# WORK INSTRUCTION
Output the listing below, keeping each line exactly as it stands.

# INFORMATION PROVIDED
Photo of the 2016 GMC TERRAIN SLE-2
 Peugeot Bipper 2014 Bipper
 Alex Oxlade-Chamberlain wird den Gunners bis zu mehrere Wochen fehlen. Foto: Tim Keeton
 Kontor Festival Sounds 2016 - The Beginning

# REPLY TO THE EXERCISE
Photo of the 2016 GMC TERRAIN SLE-2
 Peugeot Bipper 2014 Bipper
 Alex Oxlade-Chamberlain wird den Gunners bis zu mehrere Wochen fehlen. Foto: Tim Keeton
 Kontor Festival Sounds 2016 - The Beginning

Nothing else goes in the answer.